The wall confronting large language models

(arxiv.org)

170 points PaulHoule | 2 comments | 03 Sep 25 11:40 UTC | HN request time: 0s | source

Show context

measurablefunc ◴[03 Sep 25 20:29 UTC] No.45120049[source]▶

There is a formal extensional equivalence between Markov chains & LLMs but the only person who seems to be saying anything about this is Gary Marcus. He is constantly making the point that symbolic understanding can not be reduced to a probabilistic computation regardless of how large the graph gets it will still be missing basic stuff like backtracking (which is available in programming languages like Prolog). I think that Gary is right on basically all counts. Probabilistic generative models are fun but no amount of probabilistic sequence generation can be a substitute for logical reasoning.

replies(16): >>45120249 #>>45120259 #>>45120415 #>>45120573 #>>45120628 #>>45121159 #>>45121215 #>>45122702 #>>45122805 #>>45123808 #>>45123989 #>>45125478 #>>45125935 #>>45129038 #>>45130942 #>>45131644 #

Anon84 ◴[03 Sep 25 21:31 UTC] No.45120628[source]▶

>>45120049 #

There definitely is, but Marcus is not the only one talking about it.

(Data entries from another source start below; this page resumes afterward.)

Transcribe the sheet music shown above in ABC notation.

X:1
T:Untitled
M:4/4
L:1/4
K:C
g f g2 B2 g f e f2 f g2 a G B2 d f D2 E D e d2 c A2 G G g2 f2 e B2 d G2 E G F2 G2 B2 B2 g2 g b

For example, we covered this paper in one of our internal journal clubs a few weeks ago: https://arxiv.org/abs/2410.02724

replies(1): >>45122852 #

godelski ◴[04 Sep 25 02:31 UTC] No.45122852[source]▶

>>45120628 #

I just want to highlight this comment and stress how big of a field ML actually is. I think even much bigger than most people in ML research even know. It's really unfortunate that the hype has grown so much that even in the research community these areas are being overshadowed and even dismissed[0]. It's been interesting watching this evolution and how we're reapproaching symbolic reasoning while avoiding that phrase.

There's lots of people doing theory in ML and a lot of these people are making strides which others stand on (ViT and DDPM are great examples of this). But I never expect these works to get into the public eye as the barrier to entry tends to be much higher[1]. But they certainly should be something more ML researchers are looking at.

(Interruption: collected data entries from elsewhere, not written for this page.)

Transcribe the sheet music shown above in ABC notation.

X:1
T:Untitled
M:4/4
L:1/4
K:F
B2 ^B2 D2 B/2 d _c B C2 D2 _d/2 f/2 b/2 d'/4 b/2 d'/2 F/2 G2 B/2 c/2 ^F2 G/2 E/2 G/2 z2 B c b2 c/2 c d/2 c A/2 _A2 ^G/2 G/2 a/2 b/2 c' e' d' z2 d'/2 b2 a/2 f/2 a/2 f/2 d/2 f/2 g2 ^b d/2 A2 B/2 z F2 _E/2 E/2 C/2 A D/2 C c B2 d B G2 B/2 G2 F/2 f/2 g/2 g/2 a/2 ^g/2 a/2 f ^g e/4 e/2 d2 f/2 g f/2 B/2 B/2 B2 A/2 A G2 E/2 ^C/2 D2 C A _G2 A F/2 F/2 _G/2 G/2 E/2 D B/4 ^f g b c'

That is to say: Marcus is far from alone. He's just loud

[0] I'll never let go how Yi Tay said "fuck theorists" and just spent his time on Twitter calling the KAN paper garbage instead of making any actual critique. There seems to be too many who are happy to let the black box remain a black box because low level research has yet to accumulate to the point it can fully explain an LLM.

[1] You get tons of comments like this (the math being referenced is pretty basic, comparatively. Even if more advanced than what most people are familiar with) https://news.ycombinator.com/item?id=45052227

replies(2): >>45124050 #>>45125796 #

calf ◴[04 Sep 25 06:02 UTC] No.45124050[source]▶

>>45122852 #

I hazard to imagine that LLMs are a special subset of Markov chains, and this subset has interesting properties; it seems a bit reductive to dismiss LLMs as "merely' Markov chains. It's what we can do with this unusual subset (e.g. maybe incorporate in a larger AI system) that is the interesting question.

replies(1): >>45124319 #

measurablefunc ◴[04 Sep 25 06:47 UTC] No.45124319[source]▶

>>45124050 #

You don't have to imagine, there is a logically rigorous argument¹ that establishes the equivalence. There is also nothing unusual about neural networks or Markov chains. You've just been mystified by the marketing around them so you think there is something special about them when they're just another algorithm for approximating different kinds of compressible signals & observations about the real world.

¹https://markov.dk.workers.dev/

replies(1): >>45133873 #

calf ◴[05 Sep 25 00:45 UTC] No.45133873[source]▶

>>45124319 #

I'll have you realize you are replying (quite arrogantly by the way) to someone who wrote part of their PhD dissertation on models of computation. Try again :)

Besides, it is patently false. Not every Markov chain is an LLM, an actual LLM outputs human-readable English, while the vast majority of Markov chains do not map onto that set of models.

replies(1): >>45134747 #

measurablefunc ◴[05 Sep 25 03:29 UTC] No.45134747[source]▶

>>45133873 #

Appeals to authority do not change the logical content of an argument. You are welcome to point to the part of the linked argument that is incorrect & present a counter-example to demonstrate the error.

replies(1): >>45136257 #

godelski ◴[05 Sep 25 08:23 UTC] No.45136257[source]▶

>>45134747 #

Calf isn't making an appeal to authority. They are saying "I'm not the idiot you think I am." Two very different things. Likely also a request to talk more mathy to them.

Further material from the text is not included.